CEO Andrew Taplin has been promising a significant increase to the size and quality of the resource from its recent infill and extensional aircore program, and today he delivered the outcome of the work by suggesting
Port Gregory now has enough garnet to meet five years of global demand.
The total resource now stands at 166 million tonnes grading 4% total heavy minerals for 5.9Mt of contained garnet, with minor ilmenite and rutile credits.
Encouragingly for the company's development plans the majority of the resource is measured.
The deposit remains open to the south and north.
Taplin said the company will now move into a prefeasibility study, building on
scoping studies that suggest Port Gregory has a capital cost of a modest $110 million, a four-year payback and a free cash flow of $588 million.
The project's net present value and internal rate of return were estimated at $253 million and 33%.

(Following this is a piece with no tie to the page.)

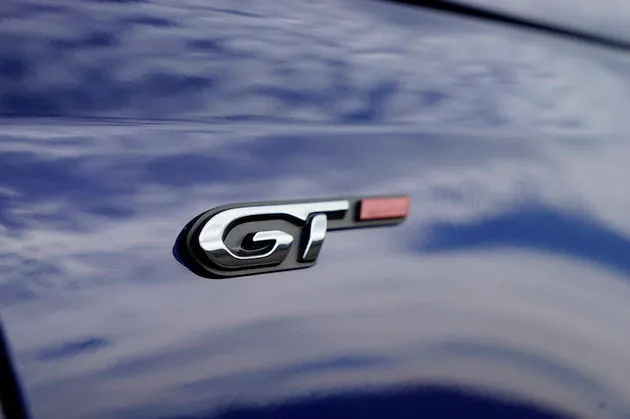 Peugeot_308_GT_hatchback_3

Bulk sampling for end-user acceptance testing is scheduled to start later this year.
There are already two garnet mines north of Port Gregory, but with Indian, Australian and USA supply and production challenges materially impacting global supply, Taplin believes the market can support a third.
The company also has a 90-150Mt at 4.1-5.4% THM exploration target for its nearby Red Hill project.
Heavy shares were up some 240% in early trade to hit an infra-day and 12-month peak of 39c per share.
At the time of writing the stock was still up 195% at 33c, capitalising it at $17.5 million. It closed at 11c on Friday.